Sharp Tools

Sometimes it's really fun to see a project come together–to see all of the different stakeholders, skill-sets and tools combine to create a final product that has an impact. One of the things I most like about working in IT is that, very often, you get a higher-level view into projects than you would otherwise since, in the best case scenario, you're brought in early to go over technical needs and such.

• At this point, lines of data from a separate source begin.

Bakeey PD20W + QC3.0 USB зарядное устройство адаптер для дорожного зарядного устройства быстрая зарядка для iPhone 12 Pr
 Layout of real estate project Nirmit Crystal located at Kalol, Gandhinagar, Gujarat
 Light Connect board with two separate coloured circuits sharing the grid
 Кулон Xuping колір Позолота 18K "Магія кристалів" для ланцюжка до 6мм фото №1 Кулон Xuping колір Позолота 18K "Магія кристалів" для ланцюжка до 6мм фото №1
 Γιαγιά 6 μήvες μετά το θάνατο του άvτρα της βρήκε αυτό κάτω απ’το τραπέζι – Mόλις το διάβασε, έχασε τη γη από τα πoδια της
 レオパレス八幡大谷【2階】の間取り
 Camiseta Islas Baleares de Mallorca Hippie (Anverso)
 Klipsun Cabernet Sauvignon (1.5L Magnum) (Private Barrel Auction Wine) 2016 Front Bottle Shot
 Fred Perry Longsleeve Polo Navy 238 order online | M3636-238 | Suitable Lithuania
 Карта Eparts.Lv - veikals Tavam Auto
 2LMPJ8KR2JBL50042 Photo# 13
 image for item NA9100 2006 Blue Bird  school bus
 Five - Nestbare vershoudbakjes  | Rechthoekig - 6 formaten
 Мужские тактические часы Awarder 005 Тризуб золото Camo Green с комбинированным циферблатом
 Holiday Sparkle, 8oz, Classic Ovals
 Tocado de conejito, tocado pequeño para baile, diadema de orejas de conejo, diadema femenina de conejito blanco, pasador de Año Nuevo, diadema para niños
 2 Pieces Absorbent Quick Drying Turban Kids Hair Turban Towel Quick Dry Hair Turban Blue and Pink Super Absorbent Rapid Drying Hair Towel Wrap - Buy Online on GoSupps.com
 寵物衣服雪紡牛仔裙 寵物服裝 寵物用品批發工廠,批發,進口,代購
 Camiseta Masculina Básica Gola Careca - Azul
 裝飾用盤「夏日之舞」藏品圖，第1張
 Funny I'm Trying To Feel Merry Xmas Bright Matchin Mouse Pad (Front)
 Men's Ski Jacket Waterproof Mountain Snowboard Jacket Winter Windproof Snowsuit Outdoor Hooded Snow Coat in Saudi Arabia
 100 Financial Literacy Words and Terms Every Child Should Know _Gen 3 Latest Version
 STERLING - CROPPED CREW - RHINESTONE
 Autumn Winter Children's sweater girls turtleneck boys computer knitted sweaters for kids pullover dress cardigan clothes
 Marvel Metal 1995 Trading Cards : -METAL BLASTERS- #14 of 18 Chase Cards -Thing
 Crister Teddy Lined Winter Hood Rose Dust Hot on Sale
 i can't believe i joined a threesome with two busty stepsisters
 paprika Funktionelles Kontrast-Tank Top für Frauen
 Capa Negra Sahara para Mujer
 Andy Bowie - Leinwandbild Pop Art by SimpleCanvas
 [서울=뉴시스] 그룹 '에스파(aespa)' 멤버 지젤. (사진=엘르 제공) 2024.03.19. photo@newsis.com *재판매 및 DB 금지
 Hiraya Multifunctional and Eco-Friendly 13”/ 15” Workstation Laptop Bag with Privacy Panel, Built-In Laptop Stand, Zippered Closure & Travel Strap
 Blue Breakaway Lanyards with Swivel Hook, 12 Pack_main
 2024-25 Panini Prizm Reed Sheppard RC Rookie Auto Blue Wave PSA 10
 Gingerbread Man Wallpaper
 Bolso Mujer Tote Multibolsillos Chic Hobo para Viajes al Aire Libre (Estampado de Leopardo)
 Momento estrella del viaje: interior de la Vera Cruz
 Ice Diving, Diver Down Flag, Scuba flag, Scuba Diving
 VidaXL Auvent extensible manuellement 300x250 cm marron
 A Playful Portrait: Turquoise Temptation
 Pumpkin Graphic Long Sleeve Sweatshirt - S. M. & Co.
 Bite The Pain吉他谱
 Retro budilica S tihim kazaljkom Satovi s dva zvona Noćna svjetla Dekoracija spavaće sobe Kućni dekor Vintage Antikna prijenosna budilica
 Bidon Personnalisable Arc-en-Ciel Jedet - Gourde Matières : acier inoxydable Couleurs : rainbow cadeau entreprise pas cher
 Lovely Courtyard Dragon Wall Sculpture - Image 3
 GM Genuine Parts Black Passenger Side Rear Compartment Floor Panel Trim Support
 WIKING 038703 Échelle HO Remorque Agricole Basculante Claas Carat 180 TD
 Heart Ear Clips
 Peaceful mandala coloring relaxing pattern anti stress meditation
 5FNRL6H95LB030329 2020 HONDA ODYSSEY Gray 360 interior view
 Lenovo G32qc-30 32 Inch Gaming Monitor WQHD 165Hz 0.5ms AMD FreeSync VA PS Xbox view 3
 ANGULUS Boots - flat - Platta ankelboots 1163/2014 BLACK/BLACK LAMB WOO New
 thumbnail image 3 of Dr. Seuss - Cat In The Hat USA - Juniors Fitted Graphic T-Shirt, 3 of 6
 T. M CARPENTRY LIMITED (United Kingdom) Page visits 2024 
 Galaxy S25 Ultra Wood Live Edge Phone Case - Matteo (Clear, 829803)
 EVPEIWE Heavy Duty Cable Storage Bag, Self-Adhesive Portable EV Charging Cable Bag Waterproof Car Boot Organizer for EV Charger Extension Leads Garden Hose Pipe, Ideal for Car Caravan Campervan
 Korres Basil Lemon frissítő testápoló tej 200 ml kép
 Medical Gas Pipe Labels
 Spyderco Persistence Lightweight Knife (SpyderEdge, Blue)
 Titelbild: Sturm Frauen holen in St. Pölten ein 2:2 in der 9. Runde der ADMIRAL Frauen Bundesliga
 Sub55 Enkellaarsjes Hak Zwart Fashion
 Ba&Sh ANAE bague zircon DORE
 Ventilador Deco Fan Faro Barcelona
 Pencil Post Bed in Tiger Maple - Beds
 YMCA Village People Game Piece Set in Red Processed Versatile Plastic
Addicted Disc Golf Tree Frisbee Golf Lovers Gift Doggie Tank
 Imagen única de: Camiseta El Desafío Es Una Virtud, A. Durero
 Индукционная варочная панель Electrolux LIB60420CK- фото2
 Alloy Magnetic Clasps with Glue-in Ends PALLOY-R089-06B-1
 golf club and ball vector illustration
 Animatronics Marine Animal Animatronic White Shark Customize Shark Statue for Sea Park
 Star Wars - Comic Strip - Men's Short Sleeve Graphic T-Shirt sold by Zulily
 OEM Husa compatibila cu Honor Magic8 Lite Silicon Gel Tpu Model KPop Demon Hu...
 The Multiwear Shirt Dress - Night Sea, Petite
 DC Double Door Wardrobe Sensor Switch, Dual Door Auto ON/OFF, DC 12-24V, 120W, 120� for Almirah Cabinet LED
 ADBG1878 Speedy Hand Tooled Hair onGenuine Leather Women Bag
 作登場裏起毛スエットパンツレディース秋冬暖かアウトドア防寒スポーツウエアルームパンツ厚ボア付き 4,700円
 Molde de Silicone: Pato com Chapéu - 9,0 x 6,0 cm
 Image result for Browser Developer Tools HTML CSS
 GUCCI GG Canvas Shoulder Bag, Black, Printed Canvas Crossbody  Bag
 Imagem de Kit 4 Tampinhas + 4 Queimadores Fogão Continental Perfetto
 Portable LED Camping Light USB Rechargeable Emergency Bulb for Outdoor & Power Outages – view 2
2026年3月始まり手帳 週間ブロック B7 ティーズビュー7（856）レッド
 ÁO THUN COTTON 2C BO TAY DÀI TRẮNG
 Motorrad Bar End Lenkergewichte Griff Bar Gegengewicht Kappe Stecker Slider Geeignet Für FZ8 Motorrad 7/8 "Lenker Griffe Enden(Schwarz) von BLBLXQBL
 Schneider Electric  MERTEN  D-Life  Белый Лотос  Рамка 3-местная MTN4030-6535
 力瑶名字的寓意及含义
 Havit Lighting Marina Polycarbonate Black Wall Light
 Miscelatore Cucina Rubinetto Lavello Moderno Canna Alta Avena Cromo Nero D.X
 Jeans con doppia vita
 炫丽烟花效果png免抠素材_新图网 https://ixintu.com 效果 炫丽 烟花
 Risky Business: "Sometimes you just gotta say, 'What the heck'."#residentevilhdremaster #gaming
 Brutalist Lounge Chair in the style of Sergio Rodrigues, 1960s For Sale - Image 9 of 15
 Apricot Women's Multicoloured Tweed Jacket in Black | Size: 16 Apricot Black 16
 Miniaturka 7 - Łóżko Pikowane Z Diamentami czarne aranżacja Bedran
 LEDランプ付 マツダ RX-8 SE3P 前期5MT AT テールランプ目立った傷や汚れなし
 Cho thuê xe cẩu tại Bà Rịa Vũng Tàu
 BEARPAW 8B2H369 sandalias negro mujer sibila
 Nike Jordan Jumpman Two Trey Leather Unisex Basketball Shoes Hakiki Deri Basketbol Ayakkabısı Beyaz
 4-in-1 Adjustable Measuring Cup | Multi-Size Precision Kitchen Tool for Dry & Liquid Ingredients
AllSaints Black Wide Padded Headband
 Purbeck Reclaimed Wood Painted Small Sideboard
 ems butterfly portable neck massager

Early this year, a study was conducted showing the impact of an increase of renewable energy by congressional district. You can find the study here, but the gist is that, under policies to reduce carbon emissions, we would see an increase in renewable energy. It turns out that rural districts come out way ahead under such a shift, to the tune of $17 billion dollars in direct revenue annually over the period looked at by the study (just over a decade). And that's only direct revenue, total economic benefit would be much greater. This would put renewables up there with major cash crops in terms of revenue for some districts.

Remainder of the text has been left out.